The notion of the moment is that brick and mortar bookstores and paper books are headed the way of the dodo and that within a short time – ten, maybe fifteen years – the only option avid readers will have will be the Kindles and the iPads of that new era. That technology is so easily taking the place of paper and soon there will be no need for these antiquated methods of getting information.
There is no denying that there has been, and will continue to be, a shift in the way people are getting their information and entertainment. But there are also some other undeniable truths regarding books and bookstores that won’t necessarily be, individually, the saving graces of the paper book industry but they should, as a whole, be enough to keep them alive for another couple of decades, anyway.
Sharing. Book lovers love to share their books. There is a bit of a tradition in the book world that the greatest gift one book lover can give to another is a copy (or their own copy, that’s even more special) of their favorite book. Of course that is sometimes easier said than done when your favorite book is always the one you just finished reading but I digress. The point is while it is possible to share e-books, it lacks a lot of the meaning to email your friend an Amazon gift card or connect your iPad to their iPad and transfer files. You miss out on the moment of joy when the recipient sees the cover, flips it over to read the blurb, shuffles through the pages before returning to the real world long enough to thank you because as fellow book lovers, you both realize the immense magic of what your friend has just been given.
Annotations. Something else that is possible on some (but not all) of the e-reader devices but just isn’t nearly as effective as it is in a paper book is notations and annotations. Writing in the margins, highlighting important or favorite passages. Studies upon studies have compared the differences in cognitive benefits between writing with pen and paper and typing. Essentially, typing is a passive activity, while handwriting is more of an active one. Writing by hand, among other things, stimulates a part of the brain called the reticular activating system (RAS) which in turn stimulates the rest of the brain, telling it it is time to sit up and take notice of what is happening. Typing does not provide the same level of stimulus to the RAS.
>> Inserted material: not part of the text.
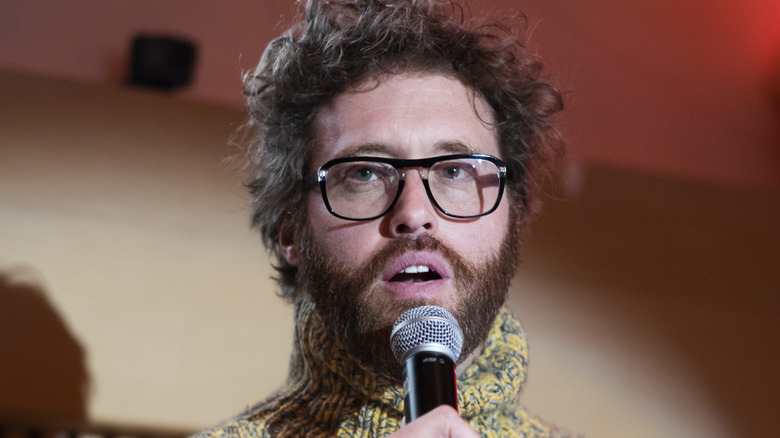 T.J. Miller at HRF & Pubkey's Freedom Tech Series at Pubkey Bar and Media House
Also, just consider the amount of time needed to find your stylus or switch to keyboard mode on your e-reader, in order to make annotations compared to grabbing your pen (which is readily available if you are one to annotate as you read) and make notes in a book. It may be seconds saved but if you are making several notes per page (let’s say you are e-reading a college text book), those seconds will start to add up. And there is no risk of “forgetting to save” your notes in a paper book. Once they are written, they are saved until you make the physical effort to erase them (or spill coffee on them; even then they just get smudgey).
Community. One absolute truth that has been truth since people started writing down their stories is that people want to talk about a great book. Aside from being a visual display of all the great books you could be reading, a brick and mortar bookstore serves as a community house for avid readers, a place to congregate and host a book club meeting or take a class.
And often times bookstores created a feeling of camaraderie where there are no strangers, only friends you haven’t met yet. Stepping through the doors of a bookstore makes it suddenly acceptable to talk to strangers – to offer your unsolicited opinions, advice and experiences or to have a full blown conversation with someone you may never see again. How many times have you seen someone reading the jacket blurb of a book you adored and felt like you couldn’t walk away without telling them all the reasons they will be happy with this purchase? There is a “user reviews” section of Amazon, iBookstore, barnesandnoble.com, whichever you prefer but that is someone’s edited, make-sure-I-say-everything-just-right, thought out opinion, not the candidly overjoyed response you’d get from being seen contemplating over their favorite work.
These aspects of the brick and mortar bookstore experience are the things that will keep avid, true, in the blood booklovers faithful for years to come. The most important thing to do right now is go to a bookstore, be it a major chain or a local mom-and-pop place, and buy a book for a child. Your child, your neighbor’s child, a niece or nephew, an anonymous donation to an elementary school. The responsibility of keeping real paper books alive will soon be on their shoulders.